• _WHAT THIS TASK INVOLVES_
Beginning with the line below that contains "Presentation with child" and ending with the line that contains "Okey Car Key", retype every line exactly. Pictures are not copied.

LISTED ENTRIES below:

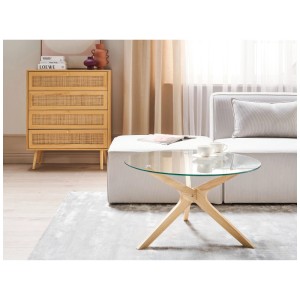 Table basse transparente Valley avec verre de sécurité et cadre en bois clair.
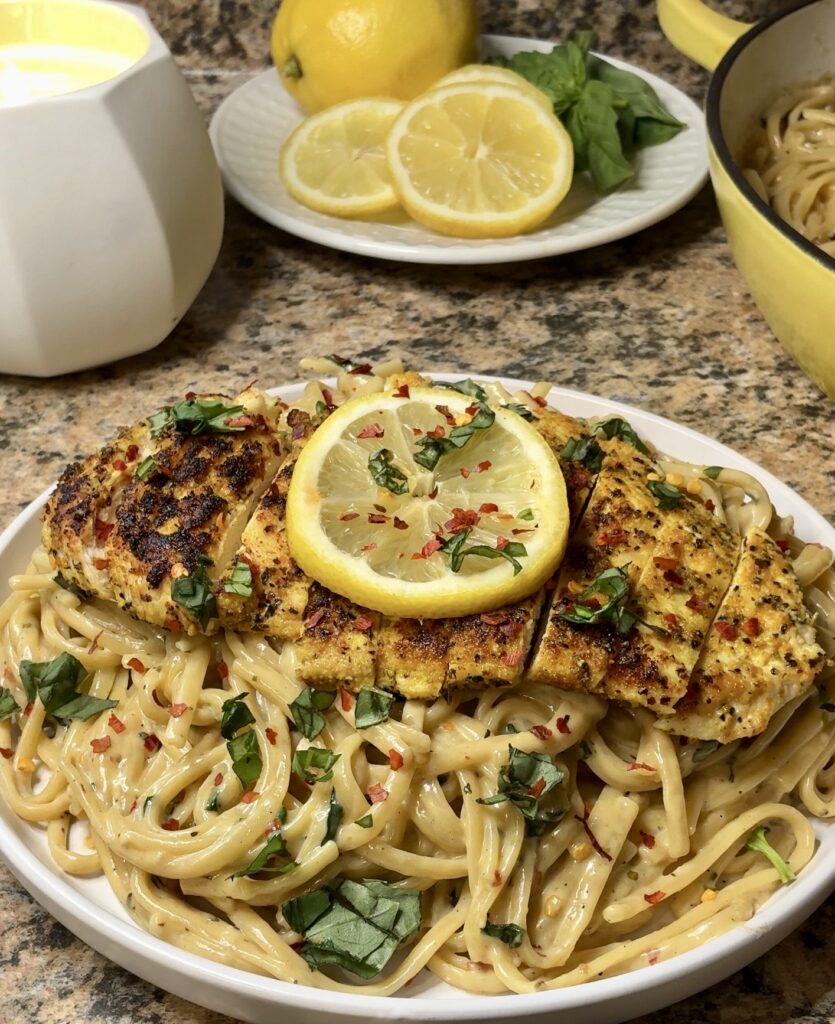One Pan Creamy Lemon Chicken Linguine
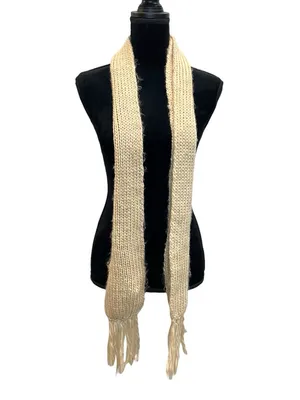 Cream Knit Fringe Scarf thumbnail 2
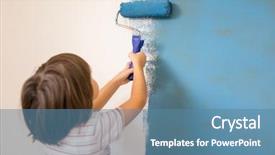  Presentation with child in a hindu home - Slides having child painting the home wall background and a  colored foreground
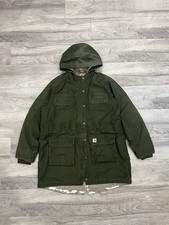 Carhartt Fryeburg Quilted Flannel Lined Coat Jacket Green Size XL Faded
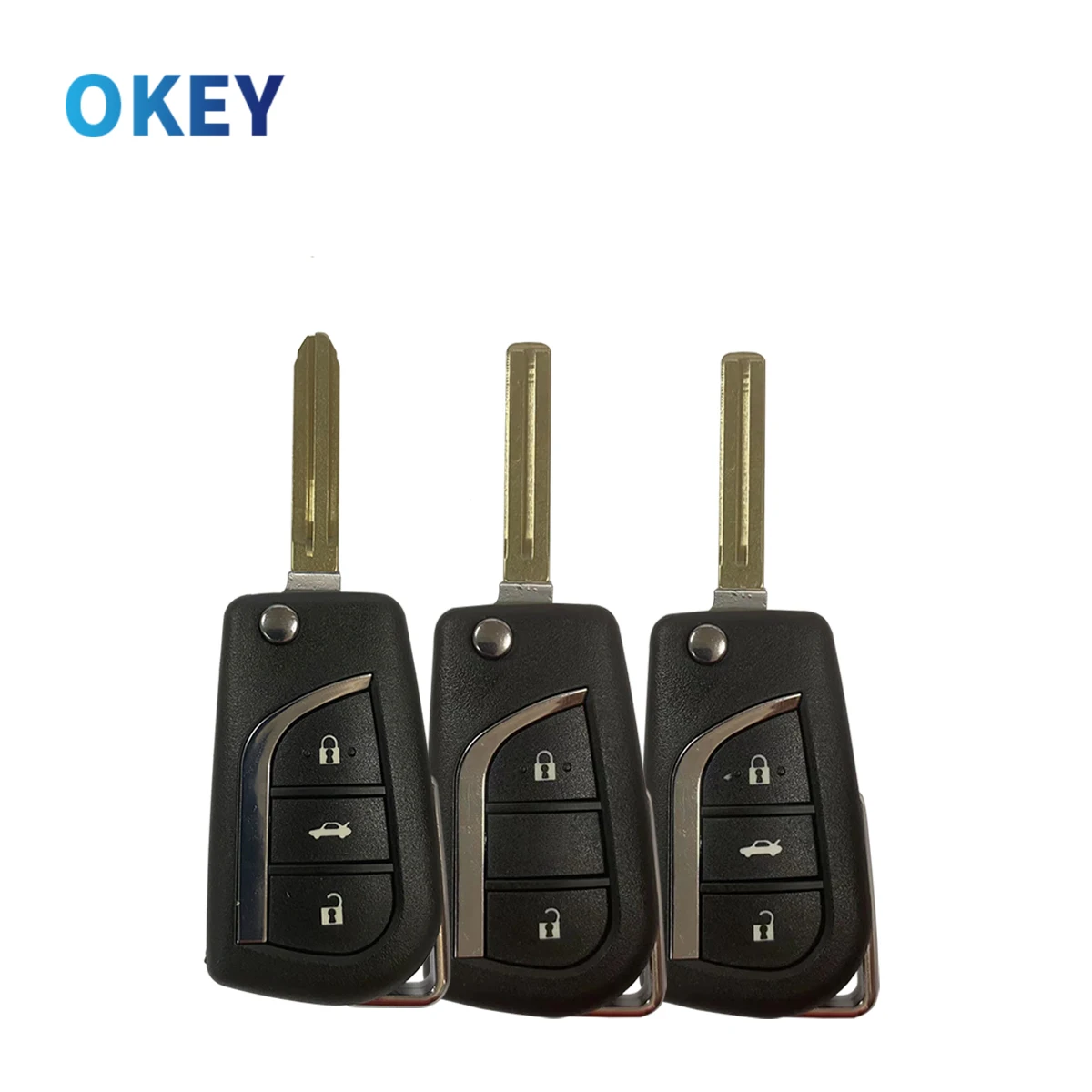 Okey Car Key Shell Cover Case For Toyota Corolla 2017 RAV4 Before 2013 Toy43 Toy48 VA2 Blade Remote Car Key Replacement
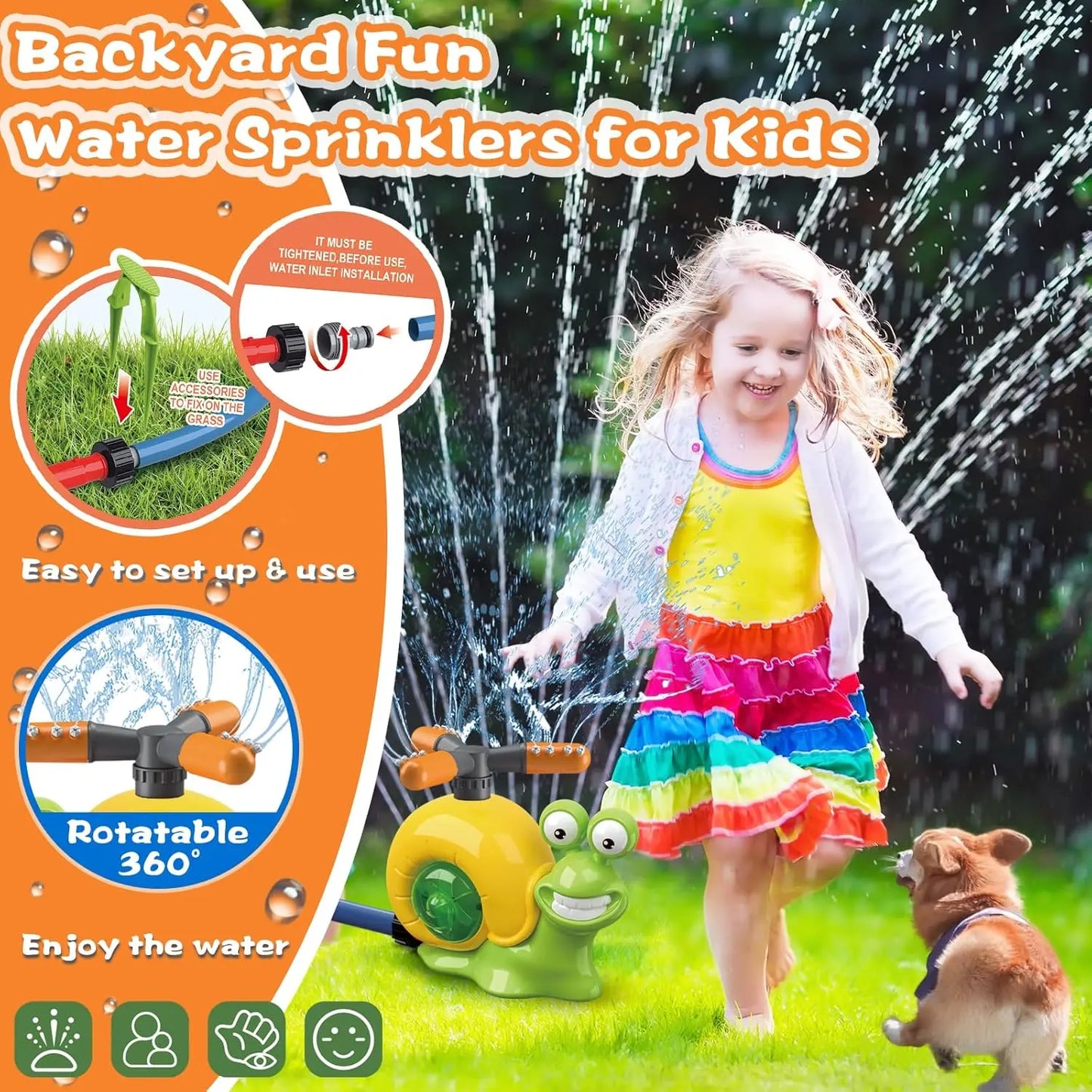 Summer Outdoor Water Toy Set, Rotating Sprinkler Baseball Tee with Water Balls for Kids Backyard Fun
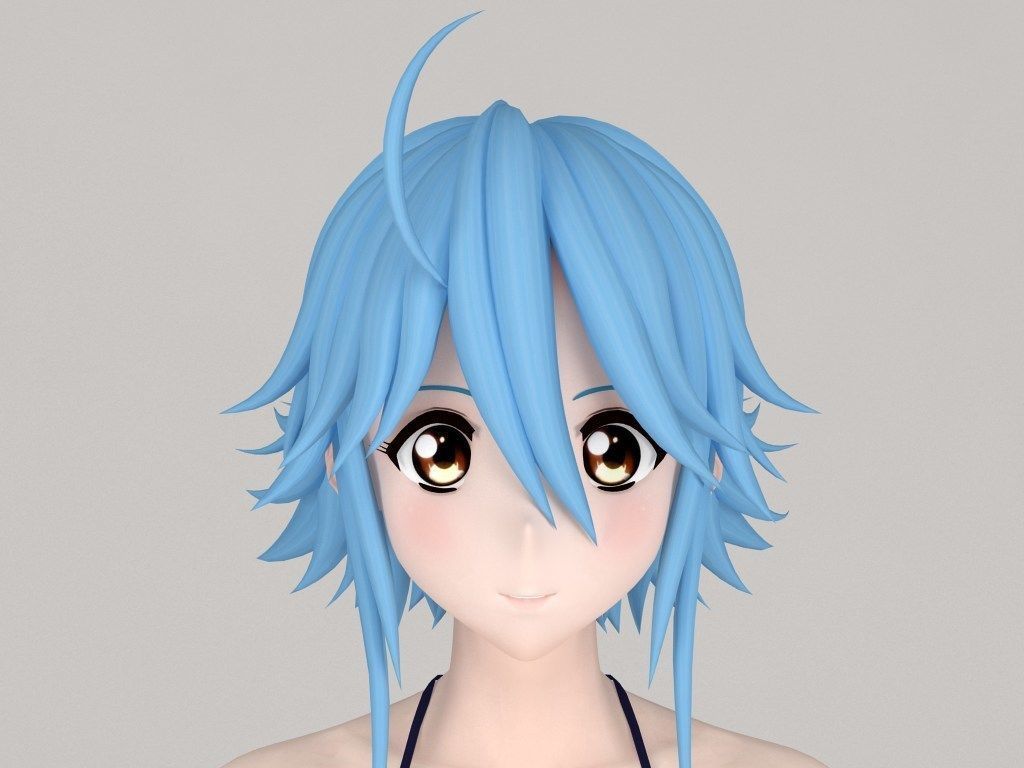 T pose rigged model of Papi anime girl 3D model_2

End of LISTED ENTRIES.

• _SOLUTION FOR THIS TASK_
  Presentation with child in a hindu home - Slides having child painting the home wall background and a  colored foreground
 Carhartt Fryeburg Quilted Flannel Lined Coat Jacket Green Size XL Faded
 Okey Car Key Shell Cover Case For Toyota Corolla 2017 RAV4 Before 2013 Toy43 Toy48 VA2 Blade Remote Car Key Replacement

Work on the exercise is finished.